**Exercise brief**
When copying the listing below, skip every picture and keep each word as it stands.

**Records supplied**
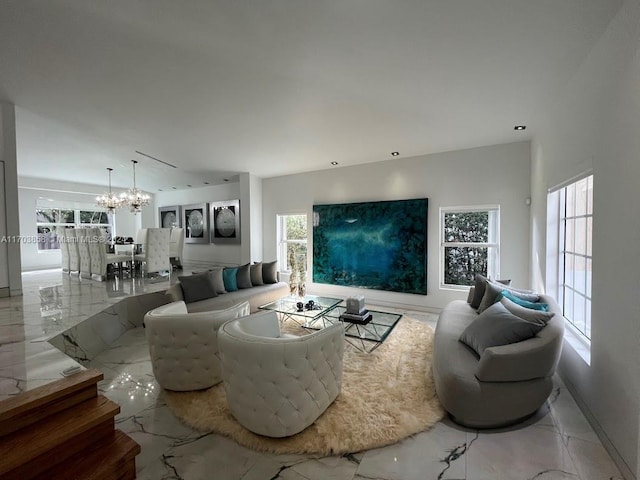 living room featuring a chandelier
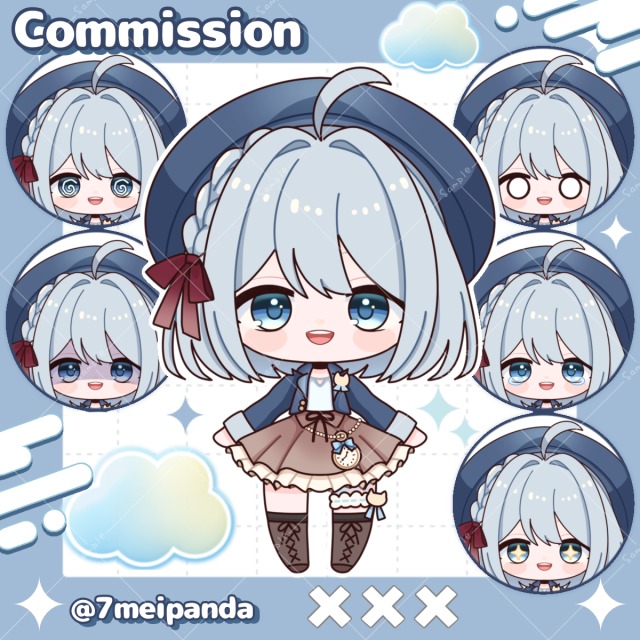 ちびキャラ実績(Live2D向けパーツ分け有り)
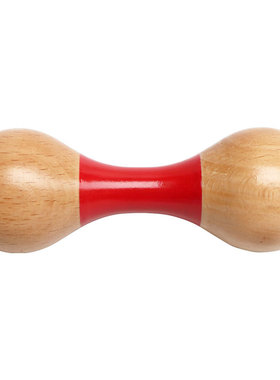 奥尔夫 榉木双头沙锤1个托育班乐器沙球玩具沙响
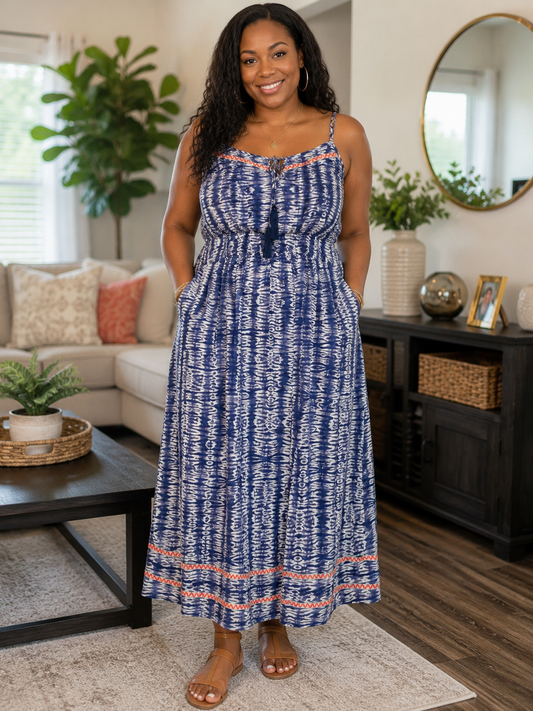 Blue & White Boho Maxi Dress with Front Slit size Medium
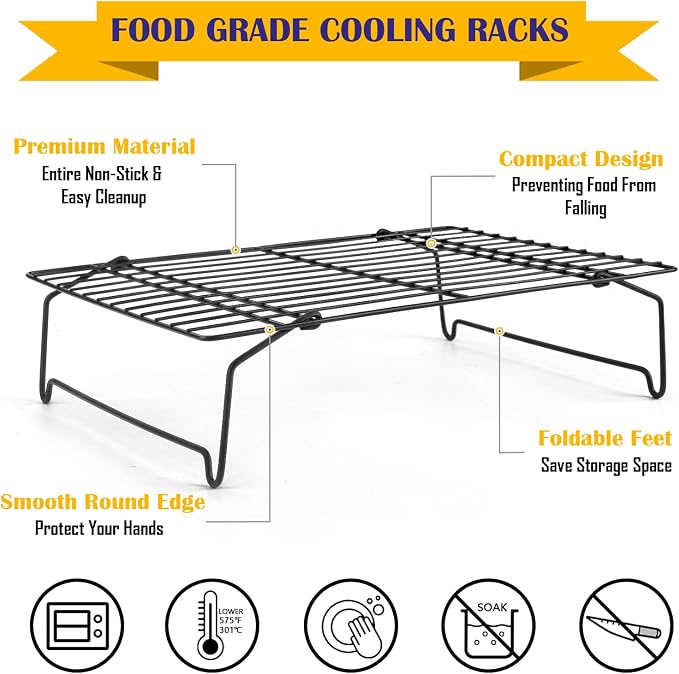 Cooling Racks for Cooking and Baking, Leonyo 4-Tier Stackable Baking Cookies Racks, Stainless Steel Wire Rack for Cooling Roasting Grilling, Oven Safe, 15" x 10"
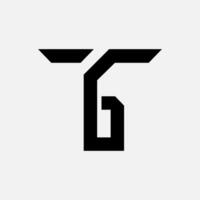 TG GT Letter Minimal Modern Logo Design vector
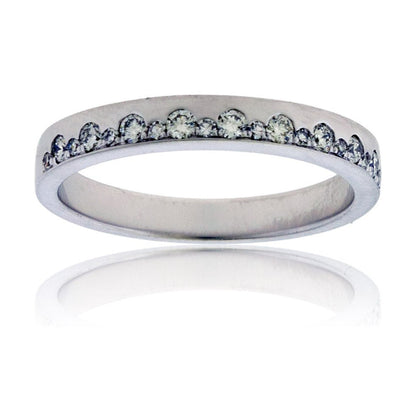 Round Diamond Gold Satin Finish Flush Set Ring - Park City Jewelers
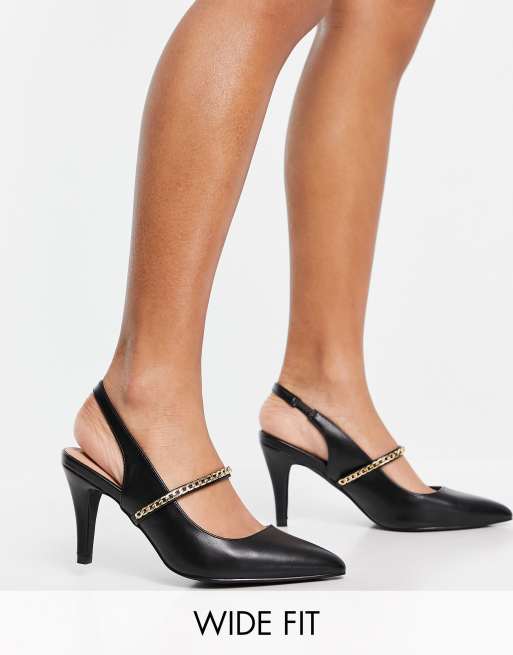 sangtekster Descent surfing New Look - Wide Fit - Sorte pumps med kæde | ASOS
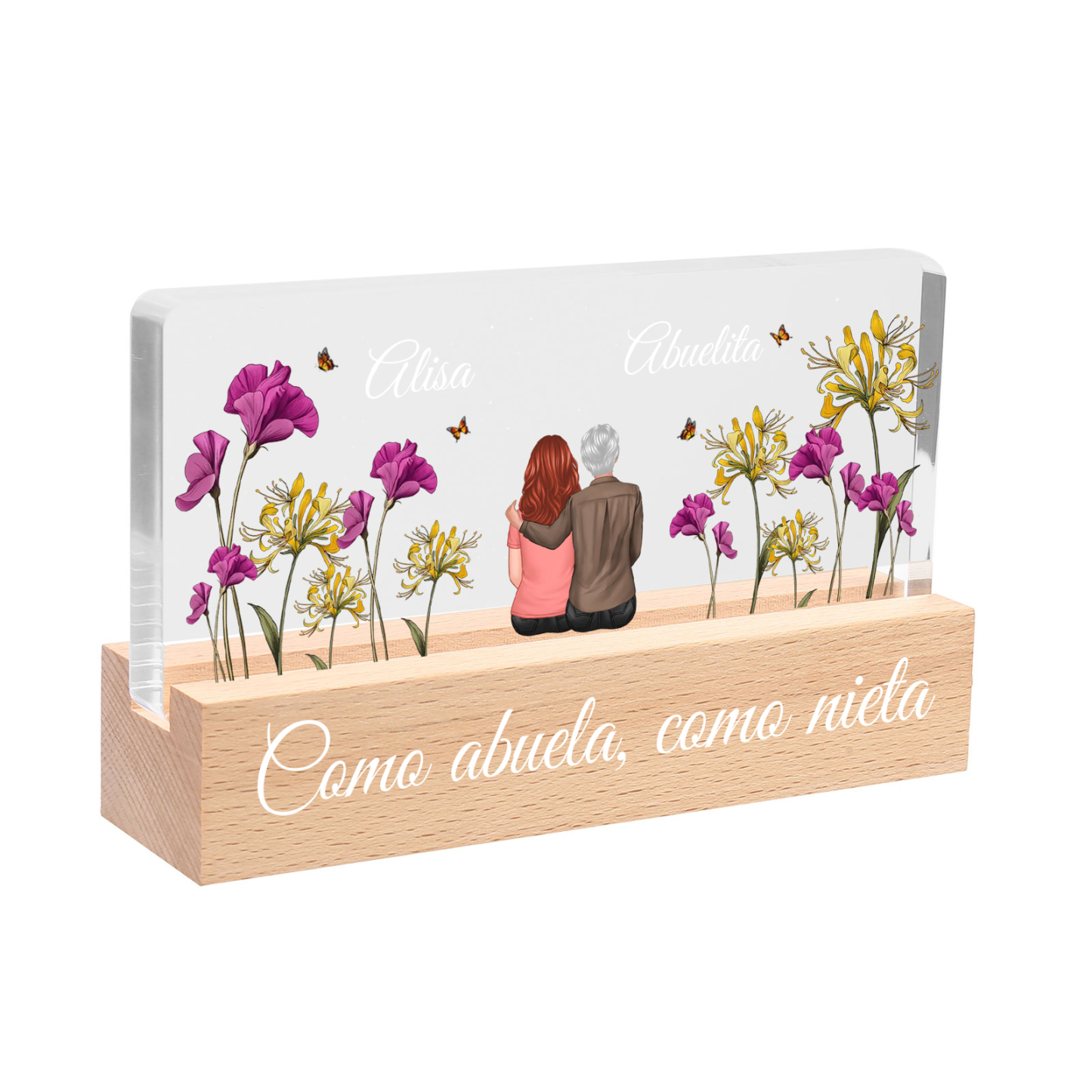 A mi mamá/abuela-Lámpara con base personalizada con 2 nombres y apariencias | Jessemade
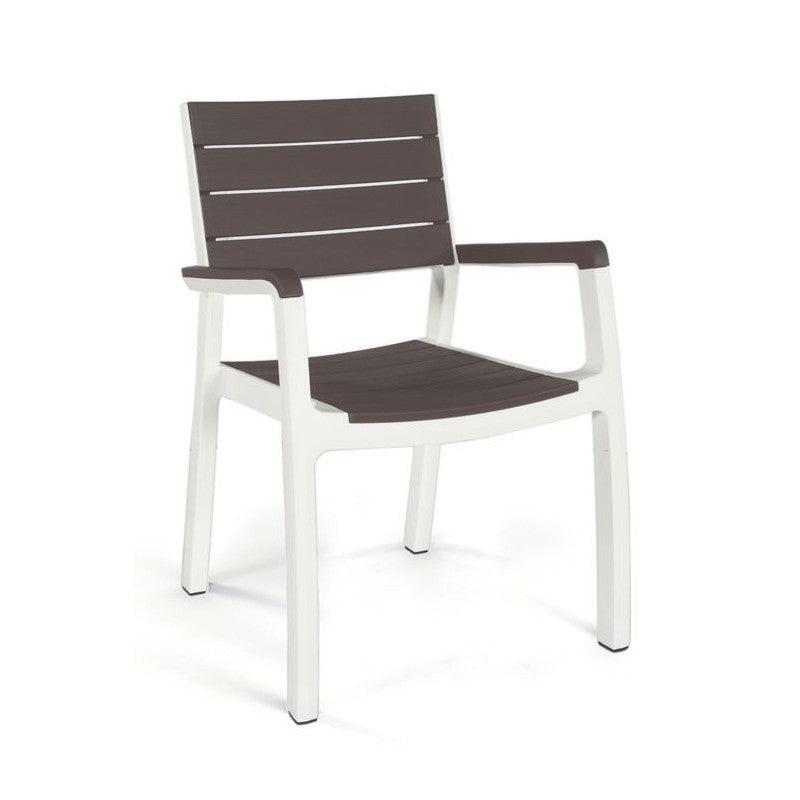 Keter Fauteuil Empilable avec Accoudoirs HARMONY Graphite-Blanc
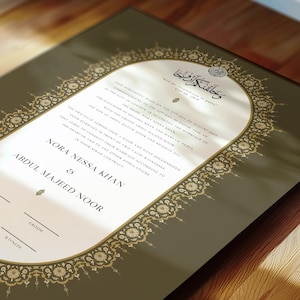 Certificato Nikkah di lusso, contratto di matrimonio islamico A4 premium, Nikah Nama, certificato di matrimonio musulmano, nomi personalizzati, versetto del Corano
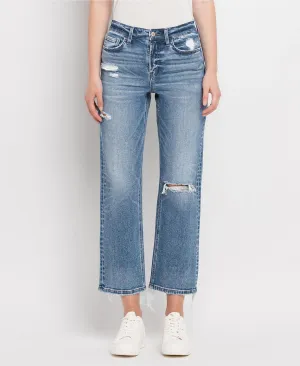 HIGH RISE DISTRESSED CROP JEANS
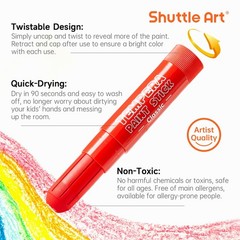 32 Colors Tempera Paint Sticks for Kids – Quick Dry, Non-Toxic, Works on Paper,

**Task solution**
 living room featuring a chandelier
 ちびキャラ実績(Live2D向けパーツ分け有り)
 奥尔夫 榉木双头沙锤1个托育班乐器沙球玩具沙响
 Blue & White Boho Maxi Dress with Front Slit size Medium
 Cooling Racks for Cooking and Baking, Leonyo 4-Tier Stackable Baking Cookies Racks, Stainless Steel Wire Rack for Cooling Roasting Grilling, Oven Safe, 15" x 10"
 TG GT Letter Minimal Modern Logo Design vector
 Round Diamond Gold Satin Finish Flush Set Ring - Park City Jewelers
 sangtekster Descent surfing New Look - Wide Fit - Sorte pumps med kæde | ASOS
 A mi mamá/abuela-Lámpara con base personalizada con 2 nombres y apariencias | Jessemade
 Keter Fauteuil Empilable avec Accoudoirs HARMONY Graphite-Blanc
 Certificato Nikkah di lusso, contratto di matrimonio islamico A4 premium, Nikah Nama, certificato di matrimonio musulmano, nomi personalizzati, versetto del Corano
 HIGH RISE DISTRESSED CROP JEANS
 32 Colors Tempera Paint Sticks for Kids – Quick Dry, Non-Toxic, Works on Paper,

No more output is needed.